The unholy union of AI and HR is coming.
This article was written by Paul Dicken and originally published by The New Atlantis.
Bloomberg columnist Ben Schott recently suggested that Amazon and Facebook should be given seats at the United Nations. The argument is that since these giant corporations exercise the power and influence of a modern nation state — and in many cases, considerably more power and influence — they should be held accountable to the same mechanisms governing international relations. There is certainly some logic to this proposal, especially given concerns over the role Big Tech already plays in global politics, whether facilitating electoral interference, censoring information, or providing the facial recognition software for tracking down political dissidents.
Yet the political use of technology is also nothing new. Technical innovation — particularly the development of “machine intelligence” — has always evolved hand-in-hand with political innovation. The English mathematician Charles Babbage is generally credited with inventing the first computer, but in fact he made a more lasting contribution to political economy. A prototype of his Difference Engine, a calculating machine, was produced in 1822, but like many generously funded government schemes the finished product disappeared beneath mounting costs, increasing delays, and contractual disputes with the chief engineer. And perhaps just as well; the completed machine would have involved 25,000 individual parts and weighed over four tons. Yet as Babbage explained in his book On the Economy of Machinery and Manufactures (1832), the mechanization of mental labor was only partly intended to redress “the inattention, the idleness, or the dishonesty of human agents.” Its principal benefit was managerial. Mechanization allowed one to clearly individuate the various sub-processes involved in any complex operation, and thereby improve their overall efficiency. This became known as the Babbage Principle, the financially cut-throat extension of Adam Smith’s division of labor and a forerunner of modern management practices of reducing labor costs by differentiating between high-skill and low-skill tasks and paying workers accordingly. From its very beginning, then, the concept of “machine intelligence” had a double meaning, ambiguous between the apparently purposeful behavior of the machinery and the information such machinery allows you to gather about your employees.
These two interrelated issues of technological control and political control frame the recommendations advanced in Human-Centered AI, a new book by computer scientist Ben Shneiderman. Beginning in the 1980s, Shneiderman pioneered the research and design of some of the familiar ways in which we have all come to operate personal computers through screens — for example, using highlighted hyperlinks and touchscreen keyboards.
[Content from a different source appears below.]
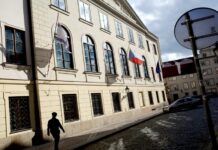 Přehledně: Kdo a kam z poslanců cestoval v posledních pěti letech Snemovna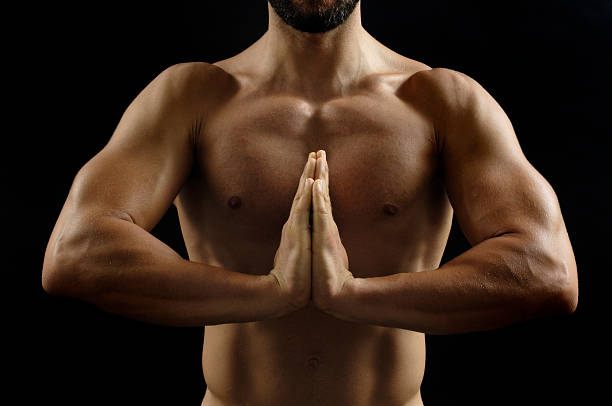 Naked Yoga : Η νέα μόδα που σαρώνει το Instagram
He has also long been critical of the direction of artificial intelligence research, and its narrow-minded focus on purely technical innovation. By contrast, his proposed “Human-Centered Artificial Intelligence” (HCAI) framework recommends using AI to provide practical solutions to everyday problems, seeking “not to replace people but to empower them.”
It sounds promising in concept. Yet in the writeup, we encounter passages like this:
HCAI is based on processes that extend user-experience design methods of user observation, stakeholder engagement, usability testing, iterative refinement, and continuing evaluation of human performance in the use of systems that employ AI algorithms such as machine learning. The goal is to create products and services that amplify, augment, empower, and enhance human performance. HCAI systems emphasize human control, while embedding high levels of automation.